Not-Aus Funktionen müssen ja mit zwangsgeführte Kontakte ausgeführt werden. Aber was ist normalen Steuerungsaufgaben wie Gasventil AUF und ZU bei einer Ofenanlage?   

Kann bei einer SPS sichergestellt werden das im Störfall der SPS oder Baugruppe die Ausgänge freigeschalten werden?


Gruß
Jürgen


----------



## Oberchefe (14 November 2007)

> Kann bei einer SPS sichergestellt werden das im Störfall der SPS oder Baugruppe die Ausgänge freigeschalten werden?


 
Nein, das kann zwar meistens so konfiguriert werden, es besteht aber immer noch ein Restrisiko daß es mal nicht so ist. Was mit einer "normalen" SPS geschaltet werden darf und was nicht hängt von der Risikobeurteilung ab. Es kann durchaus ein Gasventil betätigt werden wenn durch eine oder mehrere andere konstruktive Maßnahmen (maximal Durchsatz Begrenzung, Ventil welches bei Erlöschen der Flamme die Zufuhr schließt....) die maximal auftretende Gefahr entsprechend klein ist.


----------



## MeTh (15 November 2007)

Hallo,

seh dass genu so.
Wir haben bei uns z.B. eine Förderanlage, die über mehrere Hallen geht.
Wenn jetzt z.B. eine Palette zwischen zwei hallen steht und z.B. durch ein Brand ein Stromausfall entsteht, dann muss das Brandschutztor schliessen können.

Also wurde die Anlage so belassen. Wenn aber ein Stromausfall ist, und eine Palette drin steht, dann wird über eine USV Anlage das Band gestartet und das Brandschutztor wird "Freigefahren".

--> SPS steuert zwar das Band, im Sonderfall übernimmt Sicherheitssteuerung unabhängig von SPS.

LG MeTh.


----------



## Burkhard (2 Dezember 2007)

*Sicherheitssteuerungen?*

Mich würde interessieren was für eine Sicherheits-Steuerung das war und welche Kriterien eine Steuerung erfüllen muss um sich Sicherheits-Steuerung zu nennen?

Wenn diese Kriterien relativ einfach zu erfüllen sind, dann müsste diese Technik ja auch in den übrigen Steuerungen Einzug halten müssen...

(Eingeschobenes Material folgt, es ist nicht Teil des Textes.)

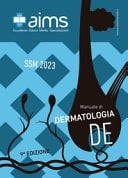 Manuale di dermatologia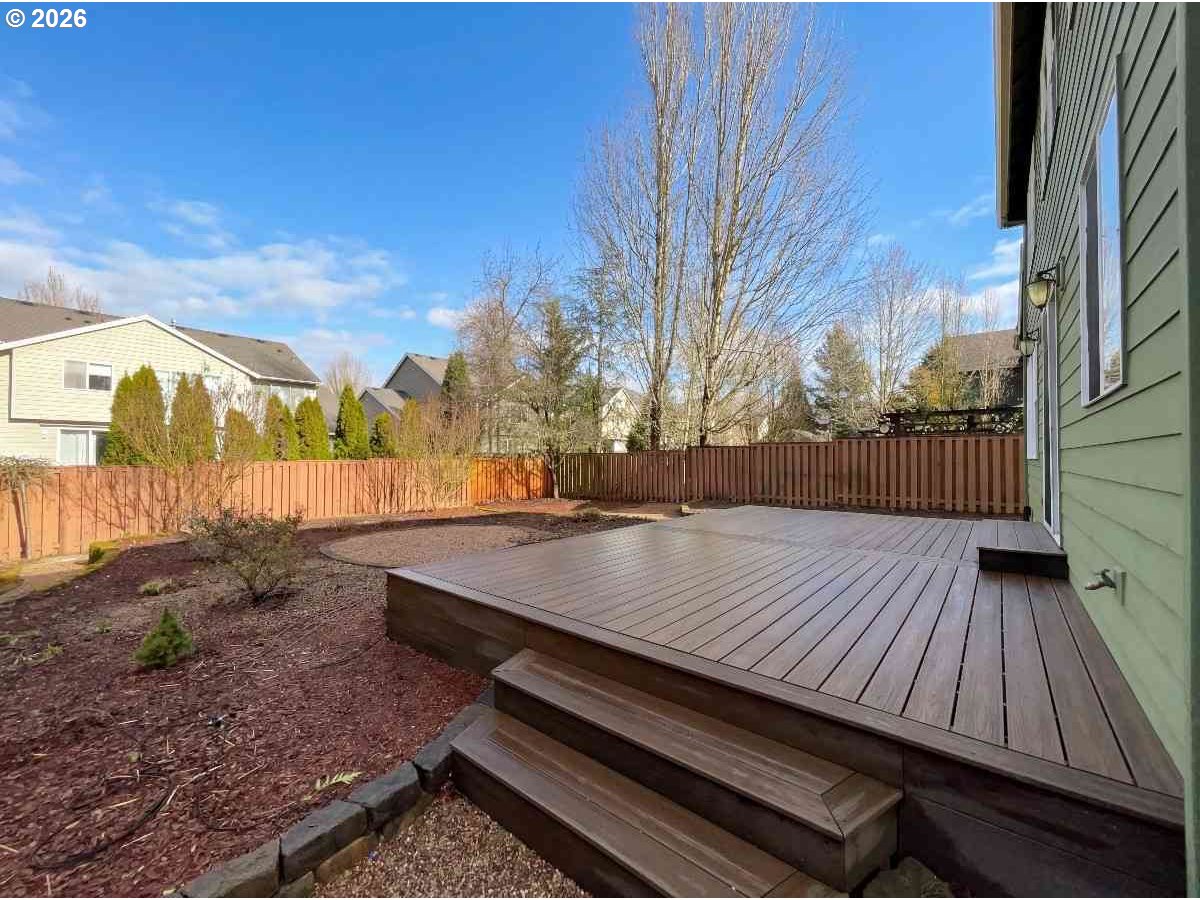 10989 Southwest Oneida Street Tualatin, OR 97062 - Photo 33 of 34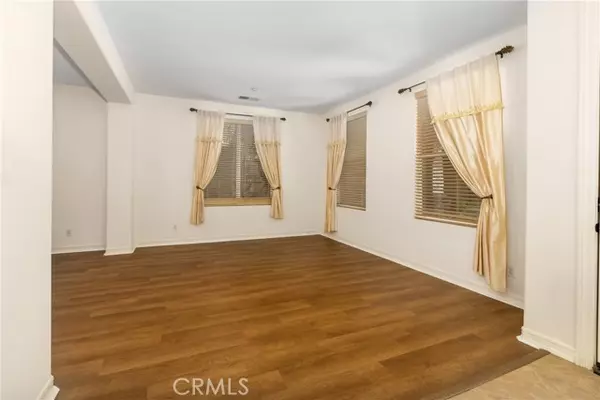 Fontana, CA 92336,15686 Iron Spring Lane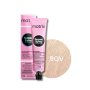 MATRIX SUPER SYNC PRE-BONDED rozświetlający toner do włosów 90 ml | SP-A - 2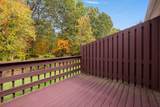 15 B Castle Hill Rd. - Photo 32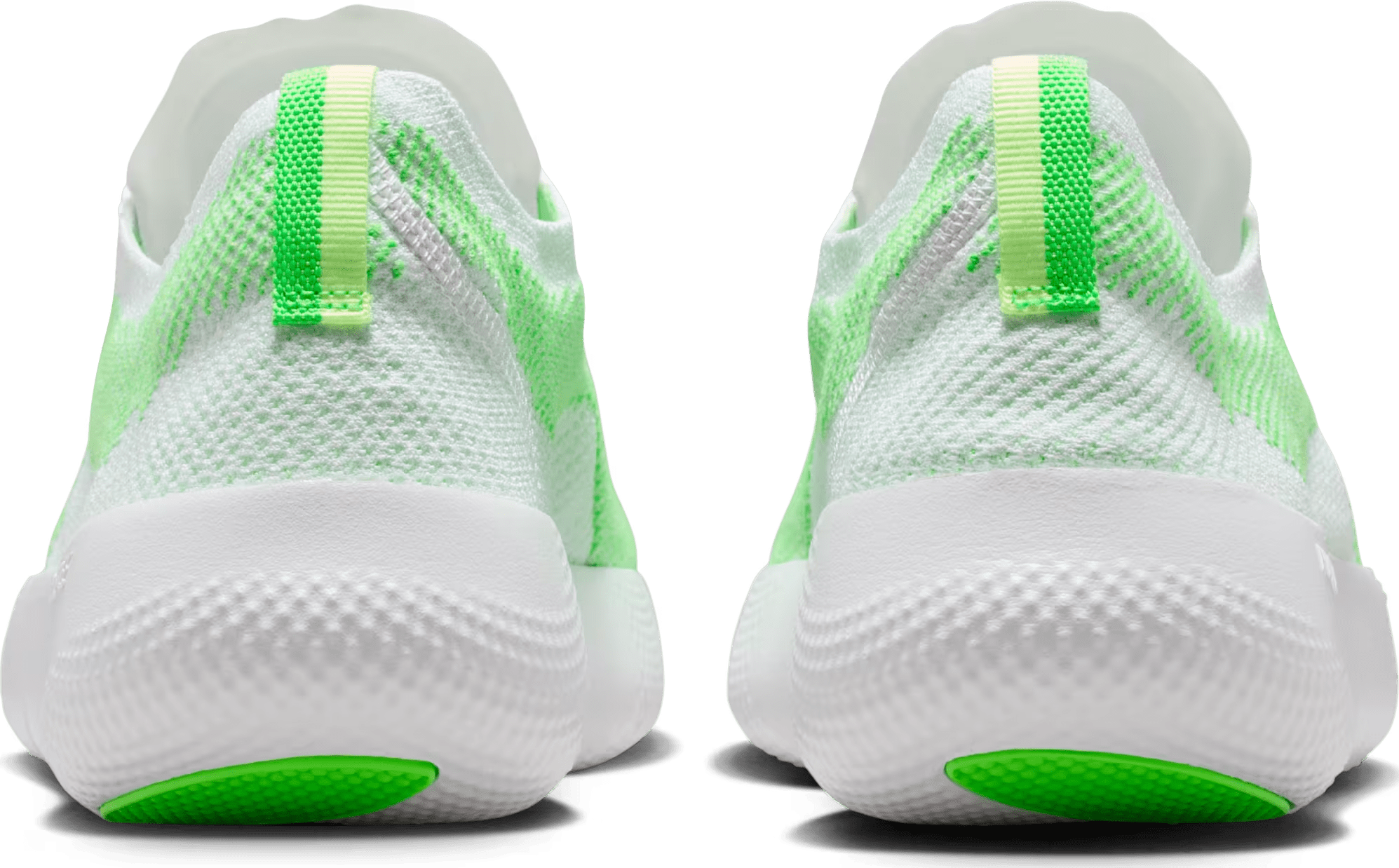 Nike Free 2025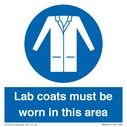 lab-coats-must-be-worn-in-this-area~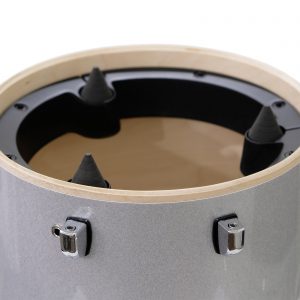 EFNOTE 5 e-drum kit - Image 8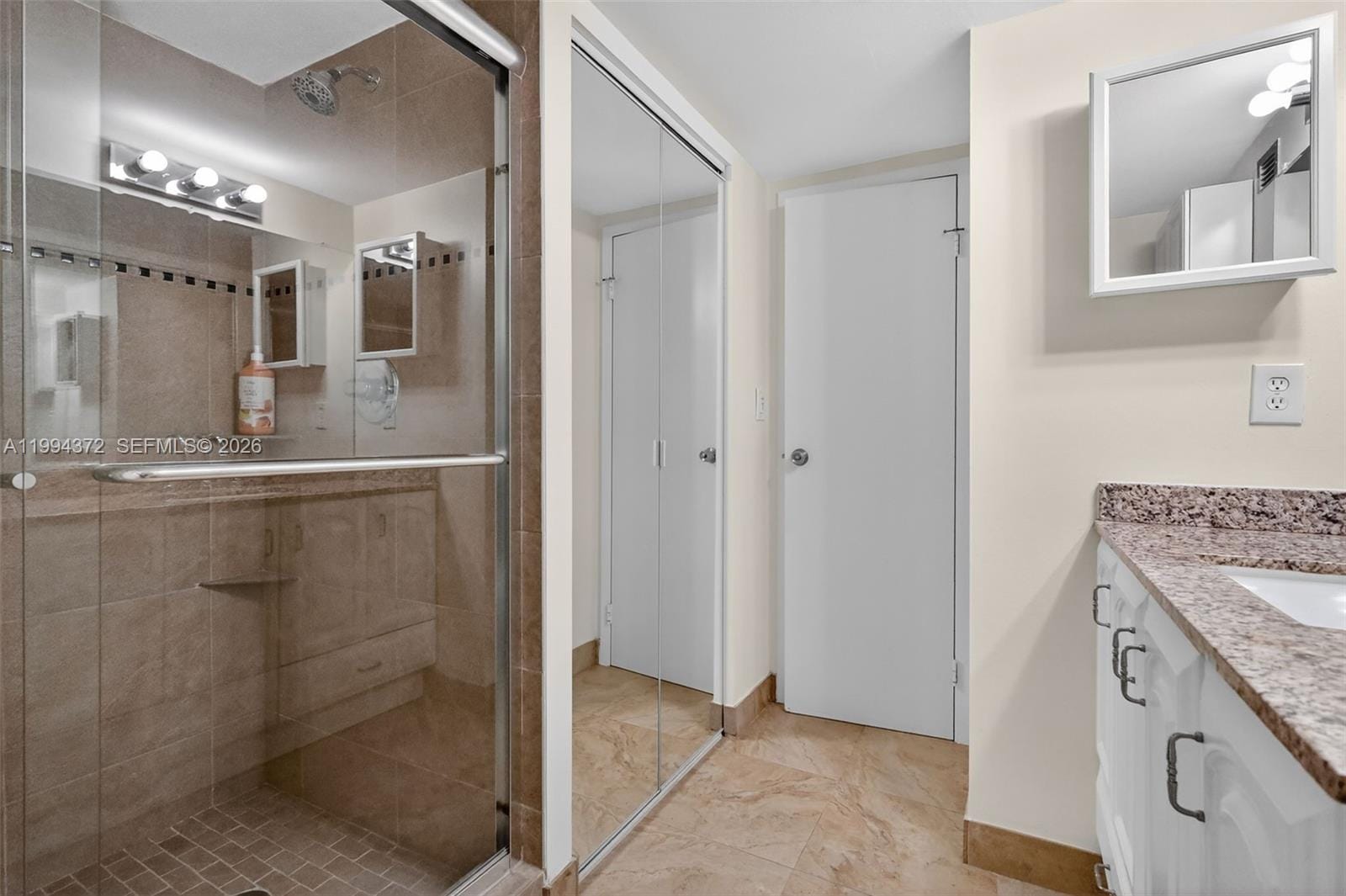 800 Parkview Drive 908, Hallandale Beach, FL 33009 photo 16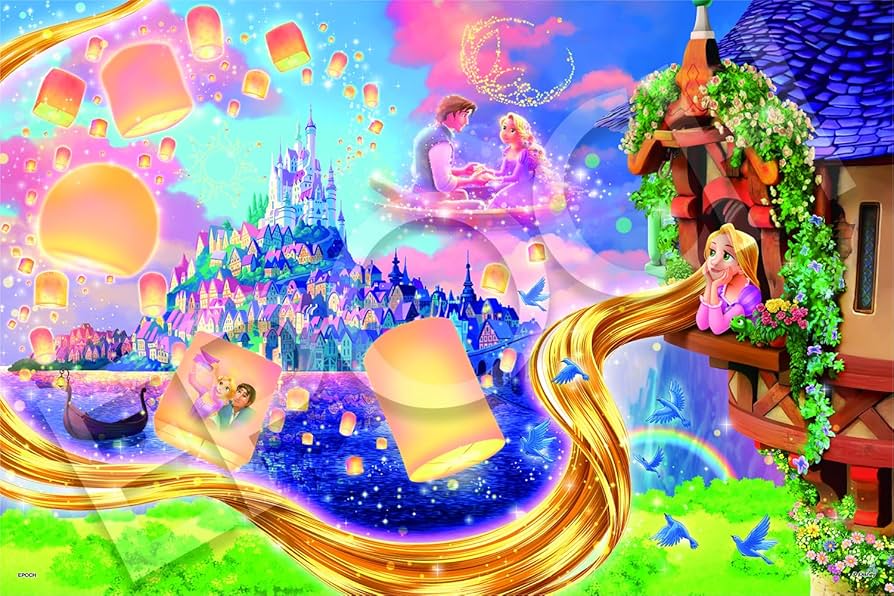 815o2qga6NL._AC_UF894,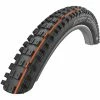 Pneu Avant Schwalbe Eddy Current HS496 29" - 62-622 (29x2.40) 1 Pneu Avant Schwalbe Eddy Current HS496 29" - 62-622 (29x2.40) -VTT Petitprix pneu avant schwalbe eddy current hs496 29 62 622 29x240 1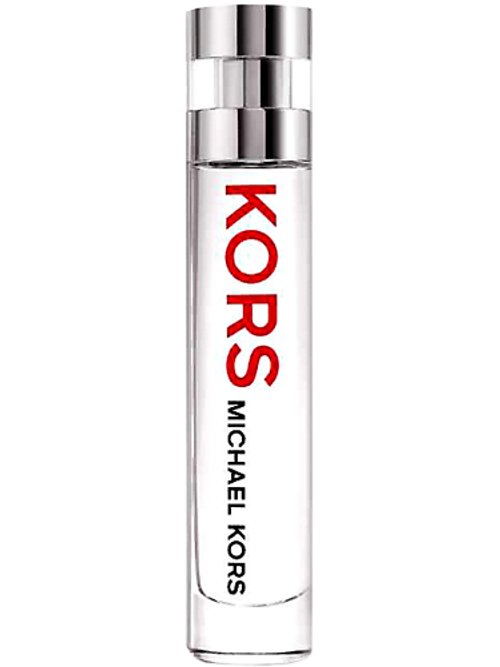 Kors by Michael Kors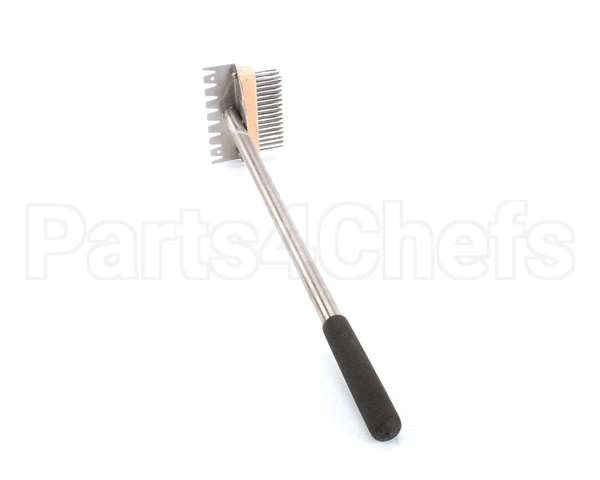 4524388 Garland Cleaning Utensil, Hee Broiler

Mich würde interessieren wohin da der Trend geht in der modernen Steuerungs-Architektur von SPS bis IPC...


----------



## Pizza (2 Dezember 2007)

wir hatten bei uns eine PSS 3000 von Pilz

schau mal hierhttp://www.pilz.co.uk/products/control_communication/pss/f/modularctrl/index.de.jsp


----------



## madman (2 Dezember 2007)

Eine Sicherheitssteuerung muss als solche auch geprüft und klassifiziert werden. Meist ist hier ein redundantes System mit zwei CPU`s zu finden.  Denke schon das der Trend dazu führt solche System einzusetzen. Da man auf viele Sicherheitsbausteine verzichten kann und man somit einen Schaltschrank kleiner und auch schneller aufbauen kann. Dem Programmierer wird aber dadurch mehr Verantwortung übergeben. Schnell können kleine Änderungen katastrophale Auswirkungen haben. 

Gruß
Jürgen


----------



## Burkhard (2 Dezember 2007)

Wenn ich programmiere haben kleinste Änderungen immer katastrophale Folgen. Das wissen die Kunden und der Chef schon und das ist auch gut so!


----------



## madman (2 Dezember 2007)

Geht mir auch nicht anders. Glaube das viele Chefs nicht wissen was man alles anrichten kann. Den meisten interessiert nur die Funktion, nicht die Sicherheit oder die Bedienbarkeit eines Systems.


----------



## Burkhard (2 Dezember 2007)

Hallo Madman, was für Maschinen programmierst denn du so?? Ich programmiere Maschinen zur Herstellung von Drallrohren und von Gummireifen. Ausserdem auch Prüfmaschinen für Reifen und Drallrohre. Und du?


----------



## madman (3 Dezember 2007)

Programmiere Ofenanlagen mit den verschiedensten Regelkreise. Auch mal kleinere Automationsgeräte oder was sonst so anfällt. Bin aber nicht nur in der Siemens Welt sonder benutze auch Eurotherm Geräte sowie Unitronics.


----------



## HSThomas (13 Dezember 2007)

Ich würde ja gerne mal an die "Grundfrage" anknüpfen.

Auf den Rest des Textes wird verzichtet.